Birding Week in Glacier
Instructor: Denny Olson
June 27 at 6 p.m. – July 2 at 4 p.m.
Accompany us for this five-day bird extravaganza detailing the diverse and brimming biomes of Glacier. We will discuss “the things with feathers”, large and small, mottled and brilliant! By traversing through each bird paradise, we will look to the skies in search of our feathered friends, learning of their habits, morphological characteristics, and ecological importance. We will discover that these beautiful soaring creatures not only perch in our stunning park, but also in our souls.

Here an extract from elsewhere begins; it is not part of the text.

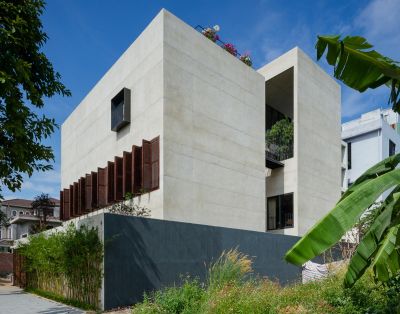 Biệt thự hai khối trước - sau, kết nối bằng một cầu đi bộ - Nhà Đẹp Sài Gòn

Meeting Place: Glacier Institute Field Camp
Itinerary: (subject to change due to trail closures, weather and bird activity)

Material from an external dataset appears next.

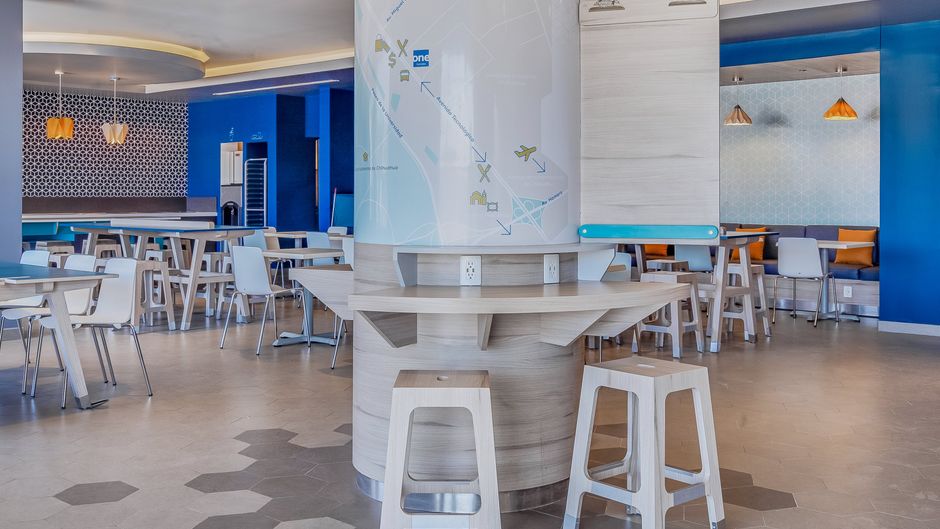 One Chihuahua Norte Lobby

Day 1: We will meet at Field Camp at 6 p.m. for check-ins and introductions. The group will participate in a fun and engaging “Bird Synonym” quiz to get acquainted with the variety of bird species in Glacier. Afterwards, Denny will discuss his “Favorite Glacier’s Bird-Brain Stories”, before retiring for the evening.
Day 2: Breakfast will be served at 6 a.m. The group will then venture to the western shores of Lake McDonald, walking along the even-aged stand of lodgepole pines created by the Half Moon Fire. We will discuss a variety of bird species, including the numerous warblers, thrushes, flycatchers, waterfowl, and much more! After our lake area excursion, we will load up in the Glacier Institute vehicles and drive along the Inside North Fork road. Denny will lead us into the forest in hopes of finding the woodpeckers that frequent the burned tree trunks of the North Fork Valley, as well as the wetland species that inhabit the nearby meadows. We will make several stops along the old deciduous forest, burned areas, creeks, and swamps to listen for our feathered friends.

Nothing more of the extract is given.